Clebsch-Gordan Coefficients

Real-valued SU(2) Clebsch-Gordan coefficients in the Condon-Shortley convention.

Description

Clebsch-Gordan (CG) coefficients describe the decomposition of the tensor product of two SU(2) representations into irreducible components:

\[C^{j_3 m_3}_{j_1 m_1,\, j_2 m_2} \equiv \langle j_1 m_1,\, j_2 m_2 \mid j_3 m_3 \rangle\]

Yuzuha computes CG coefficients using the Condon-Shortley convention, in which all coefficients are real-valued. They are accessed internally by canonical_basis and are cached in-memory for repeated evaluations.

Condon-Shortley Convention

The Condon-Shortley convention fixes the relative phases of CG coefficients so that:

1. All coefficients are real numbers
2. The coefficients form an orthonormal basis:

\[\sum_{m_1, m_2} \langle j_1 m_1, j_2 m_2 \mid j_3 m_3 \rangle^2 = 1\]

1. Selection rules are enforced automatically:
2. Magnetic number conservation: \(m_1 + m_2 = m_3\)
3. Triangle inequality: \(|j_1 - j_2| \leq j_3 \leq j_1 + j_2\)
4. Integer total spin: \(j_1 + j_2 + j_3 \in \mathbb{Z}\)

Internal Access

CG coefficients are not directly exposed as a Python function but are used internally by canonical_basis. The Rust layer provides clebsch_gordan(j1, m1, j2, m2, j3, m3) and caches results in a thread-local in-memory store.

Caching

CG coefficients are cached at two levels:

1. In-memory (Rust, once_cell): Per-process cache keyed by \((j_1, m_1, j_2, m_2, j_3, m_3)\)
2. SQLite (Rust): Canonical basis tensors built from CG coefficients are persisted to disk; individual CG values are not stored separately

Selection Rules

Rule	Condition
Magnetic conservation	\(m_1 + m_2 = m_3\)
Triangle inequality	\(\lvert j_1 - j_2 \rvert \leq j_3 \leq j_1 + j_2\)
Integer sum	\(j_1 + j_2 + j_3 \in \mathbb{Z}\)
Range	\(-j_i \leq m_i \leq j_i\) for each \(i\)

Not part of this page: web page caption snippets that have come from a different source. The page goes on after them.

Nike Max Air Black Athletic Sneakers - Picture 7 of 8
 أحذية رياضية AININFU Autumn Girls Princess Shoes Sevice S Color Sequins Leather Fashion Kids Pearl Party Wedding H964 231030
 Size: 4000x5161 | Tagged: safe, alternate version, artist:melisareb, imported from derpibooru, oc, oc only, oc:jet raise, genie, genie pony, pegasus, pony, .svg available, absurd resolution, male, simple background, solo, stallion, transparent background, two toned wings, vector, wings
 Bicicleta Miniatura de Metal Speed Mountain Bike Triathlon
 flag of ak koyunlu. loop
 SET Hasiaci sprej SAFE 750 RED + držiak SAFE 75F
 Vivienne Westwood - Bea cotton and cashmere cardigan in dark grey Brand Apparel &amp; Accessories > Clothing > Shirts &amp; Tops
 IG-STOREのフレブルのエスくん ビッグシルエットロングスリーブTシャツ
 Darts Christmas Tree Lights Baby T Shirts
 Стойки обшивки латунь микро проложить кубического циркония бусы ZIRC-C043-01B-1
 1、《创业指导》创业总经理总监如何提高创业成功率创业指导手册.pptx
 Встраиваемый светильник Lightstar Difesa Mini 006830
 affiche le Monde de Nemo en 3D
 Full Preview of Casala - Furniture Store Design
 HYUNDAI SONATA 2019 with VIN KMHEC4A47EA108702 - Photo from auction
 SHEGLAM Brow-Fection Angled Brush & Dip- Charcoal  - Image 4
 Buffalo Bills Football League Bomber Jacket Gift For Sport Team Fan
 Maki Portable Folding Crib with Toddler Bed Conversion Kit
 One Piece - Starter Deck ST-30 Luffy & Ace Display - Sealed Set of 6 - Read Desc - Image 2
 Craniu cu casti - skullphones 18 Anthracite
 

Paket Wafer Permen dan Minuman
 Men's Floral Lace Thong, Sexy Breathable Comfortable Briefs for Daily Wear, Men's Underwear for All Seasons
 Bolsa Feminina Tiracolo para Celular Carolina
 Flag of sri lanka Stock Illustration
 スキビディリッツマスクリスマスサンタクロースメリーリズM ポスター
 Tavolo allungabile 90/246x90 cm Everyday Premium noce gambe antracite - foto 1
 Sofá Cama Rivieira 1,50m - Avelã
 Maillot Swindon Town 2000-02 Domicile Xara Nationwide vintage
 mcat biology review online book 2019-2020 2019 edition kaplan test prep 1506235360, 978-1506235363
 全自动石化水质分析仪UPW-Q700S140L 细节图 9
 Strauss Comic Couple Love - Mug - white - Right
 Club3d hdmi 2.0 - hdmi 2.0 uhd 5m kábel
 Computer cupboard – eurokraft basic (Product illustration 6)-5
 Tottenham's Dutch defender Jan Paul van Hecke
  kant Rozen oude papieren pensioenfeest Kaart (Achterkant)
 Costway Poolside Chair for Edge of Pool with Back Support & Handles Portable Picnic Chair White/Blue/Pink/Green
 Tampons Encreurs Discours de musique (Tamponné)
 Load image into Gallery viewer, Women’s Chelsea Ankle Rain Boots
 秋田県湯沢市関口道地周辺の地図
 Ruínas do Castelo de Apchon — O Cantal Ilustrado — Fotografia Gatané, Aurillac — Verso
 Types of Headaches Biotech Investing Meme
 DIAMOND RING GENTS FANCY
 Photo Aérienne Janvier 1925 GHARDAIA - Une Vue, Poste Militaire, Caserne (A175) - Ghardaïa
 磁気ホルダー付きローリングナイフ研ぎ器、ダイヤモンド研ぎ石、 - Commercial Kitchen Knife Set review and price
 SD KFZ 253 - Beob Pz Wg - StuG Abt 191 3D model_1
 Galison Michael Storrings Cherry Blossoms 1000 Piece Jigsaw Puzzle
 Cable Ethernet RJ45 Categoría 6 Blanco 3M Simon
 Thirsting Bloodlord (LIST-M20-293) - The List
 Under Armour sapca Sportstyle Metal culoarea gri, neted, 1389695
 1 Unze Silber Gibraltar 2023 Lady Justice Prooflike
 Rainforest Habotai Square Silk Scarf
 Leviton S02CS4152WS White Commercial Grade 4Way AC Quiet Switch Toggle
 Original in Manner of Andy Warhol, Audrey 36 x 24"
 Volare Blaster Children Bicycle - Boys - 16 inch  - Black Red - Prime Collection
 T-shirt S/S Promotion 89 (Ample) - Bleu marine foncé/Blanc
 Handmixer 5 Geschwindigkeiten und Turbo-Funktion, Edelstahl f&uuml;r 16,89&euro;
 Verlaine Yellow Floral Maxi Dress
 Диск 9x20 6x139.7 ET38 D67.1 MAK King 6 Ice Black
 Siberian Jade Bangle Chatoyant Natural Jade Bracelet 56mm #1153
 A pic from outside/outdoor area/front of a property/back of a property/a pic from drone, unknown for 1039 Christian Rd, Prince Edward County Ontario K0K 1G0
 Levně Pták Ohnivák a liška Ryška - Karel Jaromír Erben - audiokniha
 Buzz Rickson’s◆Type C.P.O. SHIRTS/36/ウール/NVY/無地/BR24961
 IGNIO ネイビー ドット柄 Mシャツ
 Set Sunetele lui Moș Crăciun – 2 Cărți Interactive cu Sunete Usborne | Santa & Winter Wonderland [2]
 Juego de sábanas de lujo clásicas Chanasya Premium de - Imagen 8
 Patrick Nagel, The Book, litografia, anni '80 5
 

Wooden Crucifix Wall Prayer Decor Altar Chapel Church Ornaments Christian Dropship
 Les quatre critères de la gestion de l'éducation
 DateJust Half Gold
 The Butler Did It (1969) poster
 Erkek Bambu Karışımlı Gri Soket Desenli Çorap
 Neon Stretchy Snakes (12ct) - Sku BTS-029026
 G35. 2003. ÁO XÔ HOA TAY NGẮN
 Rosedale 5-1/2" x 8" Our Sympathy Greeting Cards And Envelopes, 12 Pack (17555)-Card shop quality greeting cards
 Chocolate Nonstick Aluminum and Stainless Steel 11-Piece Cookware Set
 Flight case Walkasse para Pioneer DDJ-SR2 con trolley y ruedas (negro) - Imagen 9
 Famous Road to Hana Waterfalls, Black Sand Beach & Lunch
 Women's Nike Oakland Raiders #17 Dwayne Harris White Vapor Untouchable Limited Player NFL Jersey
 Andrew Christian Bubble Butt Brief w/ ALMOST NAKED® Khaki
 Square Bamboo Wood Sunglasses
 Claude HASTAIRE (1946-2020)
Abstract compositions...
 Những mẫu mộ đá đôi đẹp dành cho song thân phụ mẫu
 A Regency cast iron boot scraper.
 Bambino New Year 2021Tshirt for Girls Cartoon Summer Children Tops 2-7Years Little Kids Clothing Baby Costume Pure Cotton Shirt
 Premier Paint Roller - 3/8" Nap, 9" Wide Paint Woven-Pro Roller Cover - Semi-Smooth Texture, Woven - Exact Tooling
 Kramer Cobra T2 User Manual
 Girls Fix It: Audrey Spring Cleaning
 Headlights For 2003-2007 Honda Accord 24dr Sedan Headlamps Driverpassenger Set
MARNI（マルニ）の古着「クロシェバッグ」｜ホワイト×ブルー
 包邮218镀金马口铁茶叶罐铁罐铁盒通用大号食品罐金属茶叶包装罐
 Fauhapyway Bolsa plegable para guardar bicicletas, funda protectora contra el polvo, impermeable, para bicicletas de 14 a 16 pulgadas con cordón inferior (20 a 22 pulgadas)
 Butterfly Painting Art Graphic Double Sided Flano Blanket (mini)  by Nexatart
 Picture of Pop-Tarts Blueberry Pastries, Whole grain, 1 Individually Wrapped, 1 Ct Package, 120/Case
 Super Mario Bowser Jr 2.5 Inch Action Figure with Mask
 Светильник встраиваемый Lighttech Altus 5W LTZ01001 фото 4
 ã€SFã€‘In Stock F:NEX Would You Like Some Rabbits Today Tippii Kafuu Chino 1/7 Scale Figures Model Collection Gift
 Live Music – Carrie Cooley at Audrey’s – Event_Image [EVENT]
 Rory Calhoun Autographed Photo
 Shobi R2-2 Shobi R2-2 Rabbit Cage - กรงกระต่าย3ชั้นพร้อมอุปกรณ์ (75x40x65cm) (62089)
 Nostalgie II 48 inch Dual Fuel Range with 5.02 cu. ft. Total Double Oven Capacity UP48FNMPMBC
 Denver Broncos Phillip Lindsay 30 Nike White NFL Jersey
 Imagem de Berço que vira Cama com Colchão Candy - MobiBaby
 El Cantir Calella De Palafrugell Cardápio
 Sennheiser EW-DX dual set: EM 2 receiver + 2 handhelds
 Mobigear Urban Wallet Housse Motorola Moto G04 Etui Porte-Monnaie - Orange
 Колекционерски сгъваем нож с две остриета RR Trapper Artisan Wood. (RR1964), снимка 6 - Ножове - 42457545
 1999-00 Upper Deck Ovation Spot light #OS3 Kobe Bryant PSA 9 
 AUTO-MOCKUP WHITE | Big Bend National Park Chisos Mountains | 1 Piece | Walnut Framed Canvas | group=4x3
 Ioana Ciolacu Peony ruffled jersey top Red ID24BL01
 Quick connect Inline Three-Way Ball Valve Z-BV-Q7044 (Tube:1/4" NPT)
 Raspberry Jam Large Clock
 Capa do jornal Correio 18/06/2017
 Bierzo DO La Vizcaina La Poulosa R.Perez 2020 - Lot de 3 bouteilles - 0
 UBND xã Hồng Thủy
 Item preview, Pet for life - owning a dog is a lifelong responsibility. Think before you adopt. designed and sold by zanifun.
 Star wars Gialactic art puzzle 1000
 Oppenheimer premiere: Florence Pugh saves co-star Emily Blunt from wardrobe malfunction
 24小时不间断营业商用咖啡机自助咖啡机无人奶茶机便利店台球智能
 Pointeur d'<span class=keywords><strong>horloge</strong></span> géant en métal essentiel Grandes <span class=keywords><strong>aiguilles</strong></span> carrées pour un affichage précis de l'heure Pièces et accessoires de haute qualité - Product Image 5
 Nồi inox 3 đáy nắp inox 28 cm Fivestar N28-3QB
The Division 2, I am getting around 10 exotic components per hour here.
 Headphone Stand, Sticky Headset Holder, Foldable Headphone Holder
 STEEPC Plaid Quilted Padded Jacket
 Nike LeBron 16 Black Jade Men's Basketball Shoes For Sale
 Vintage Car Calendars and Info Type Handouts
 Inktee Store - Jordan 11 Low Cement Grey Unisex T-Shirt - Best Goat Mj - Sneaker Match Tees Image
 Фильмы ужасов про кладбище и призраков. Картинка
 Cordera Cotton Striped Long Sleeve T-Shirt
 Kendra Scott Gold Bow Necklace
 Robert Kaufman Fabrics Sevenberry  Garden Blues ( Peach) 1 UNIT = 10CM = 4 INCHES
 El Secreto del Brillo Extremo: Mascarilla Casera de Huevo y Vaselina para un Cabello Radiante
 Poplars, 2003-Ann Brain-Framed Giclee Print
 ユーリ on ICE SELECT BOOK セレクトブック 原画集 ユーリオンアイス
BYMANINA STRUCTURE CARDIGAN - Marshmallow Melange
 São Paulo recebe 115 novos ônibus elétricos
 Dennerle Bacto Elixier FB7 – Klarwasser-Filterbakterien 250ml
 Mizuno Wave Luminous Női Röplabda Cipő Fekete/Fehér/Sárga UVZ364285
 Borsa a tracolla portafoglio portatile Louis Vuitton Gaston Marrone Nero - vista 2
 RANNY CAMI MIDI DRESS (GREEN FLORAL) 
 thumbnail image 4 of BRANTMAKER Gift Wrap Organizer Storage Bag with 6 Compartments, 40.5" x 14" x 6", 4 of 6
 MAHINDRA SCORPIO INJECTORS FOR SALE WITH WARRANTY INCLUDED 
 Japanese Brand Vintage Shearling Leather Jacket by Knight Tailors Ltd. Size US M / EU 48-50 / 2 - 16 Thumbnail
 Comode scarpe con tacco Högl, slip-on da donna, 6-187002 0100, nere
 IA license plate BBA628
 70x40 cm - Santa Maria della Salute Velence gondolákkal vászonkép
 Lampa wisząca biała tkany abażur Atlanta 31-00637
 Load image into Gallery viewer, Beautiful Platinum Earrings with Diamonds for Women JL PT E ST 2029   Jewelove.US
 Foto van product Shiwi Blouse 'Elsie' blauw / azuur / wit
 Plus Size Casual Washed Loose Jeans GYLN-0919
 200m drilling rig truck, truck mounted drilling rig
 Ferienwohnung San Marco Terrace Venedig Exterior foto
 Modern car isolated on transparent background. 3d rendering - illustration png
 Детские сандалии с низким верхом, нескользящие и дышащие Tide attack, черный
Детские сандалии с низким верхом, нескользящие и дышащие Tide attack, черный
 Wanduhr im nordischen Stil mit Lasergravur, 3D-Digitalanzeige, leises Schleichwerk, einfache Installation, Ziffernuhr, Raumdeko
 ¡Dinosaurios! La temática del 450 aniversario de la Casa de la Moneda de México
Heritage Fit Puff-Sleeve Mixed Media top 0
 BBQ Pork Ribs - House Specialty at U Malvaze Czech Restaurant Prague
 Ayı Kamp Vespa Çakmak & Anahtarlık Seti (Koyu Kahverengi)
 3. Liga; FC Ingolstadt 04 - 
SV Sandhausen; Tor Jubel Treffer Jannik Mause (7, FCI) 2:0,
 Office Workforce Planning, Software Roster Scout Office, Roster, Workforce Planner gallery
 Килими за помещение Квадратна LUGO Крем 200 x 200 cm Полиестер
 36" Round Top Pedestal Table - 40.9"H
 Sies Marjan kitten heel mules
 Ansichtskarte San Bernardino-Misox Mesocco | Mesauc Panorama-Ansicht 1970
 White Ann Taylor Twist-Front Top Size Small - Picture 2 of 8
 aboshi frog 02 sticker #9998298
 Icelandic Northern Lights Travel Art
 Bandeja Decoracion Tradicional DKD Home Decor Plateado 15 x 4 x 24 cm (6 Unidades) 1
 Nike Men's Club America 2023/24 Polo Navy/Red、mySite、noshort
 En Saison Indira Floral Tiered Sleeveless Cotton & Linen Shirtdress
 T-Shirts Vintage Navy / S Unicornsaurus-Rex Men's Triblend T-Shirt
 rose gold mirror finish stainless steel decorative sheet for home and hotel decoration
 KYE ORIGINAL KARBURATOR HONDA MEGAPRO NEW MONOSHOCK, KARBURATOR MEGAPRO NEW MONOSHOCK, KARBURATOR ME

Any coefficient with indices violating these rules is identically zero.

Orthonormality Relations

Column orthonormality (sum over coupled states):

\[\sum_{m_1, m_2} C^{j_3 m_3}_{j_1 m_1, j_2 m_2}\, C^{j_3' m_3'}_{j_1 m_1, j_2 m_2} = \delta_{j_3 j_3'}\, \delta_{m_3 m_3'}\]

Row orthonormality (sum over output states):

\[\sum_{j_3, m_3} C^{j_3 m_3}_{j_1 m_1, j_2 m_2}\, C^{j_3 m_3}_{j_1 m_1', j_2 m_2'} = \delta_{m_1 m_1'}\, \delta_{m_2 m_2'}\]

See Also

• Canonical Basis: Uses CG coefficients to build the full CG tensor for a CGSpec
• Metric Tensor: Arrow-reversal transformation built on CG phases
• Triangle Rules: Triangle-inequality utilities
• Yuzuha Protocol — Basis Conventions: Phase convention requirements

Notes

The Rust implementation uses the standard Racah formula to compute CG coefficients from scratch, then caches the results. For large spins (e.g. \(j > 10\)), the computation is still fast because the cache is populated once and reused.